Records from a data source:

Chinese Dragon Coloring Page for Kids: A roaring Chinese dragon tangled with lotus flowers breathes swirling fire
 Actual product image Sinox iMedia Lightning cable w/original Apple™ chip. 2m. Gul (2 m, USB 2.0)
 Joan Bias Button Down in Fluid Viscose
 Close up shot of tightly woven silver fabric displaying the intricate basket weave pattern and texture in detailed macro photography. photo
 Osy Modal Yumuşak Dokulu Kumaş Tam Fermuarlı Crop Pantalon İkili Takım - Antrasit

DESCRIPTION OF THE TASK: Retype the records above so that nothing differs from the original.

OUTPUT:
Chinese Dragon Coloring Page for Kids: A roaring Chinese dragon tangled with lotus flowers breathes swirling fire
 Actual product image Sinox iMedia Lightning cable w/original Apple™ chip. 2m. Gul (2 m, USB 2.0)
 Joan Bias Button Down in Fluid Viscose
 Close up shot of tightly woven silver fabric displaying the intricate basket weave pattern and texture in detailed macro photography. photo
 Osy Modal Yumuşak Dokulu Kumaş Tam Fermuarlı Crop Pantalon İkili Takım - Antrasit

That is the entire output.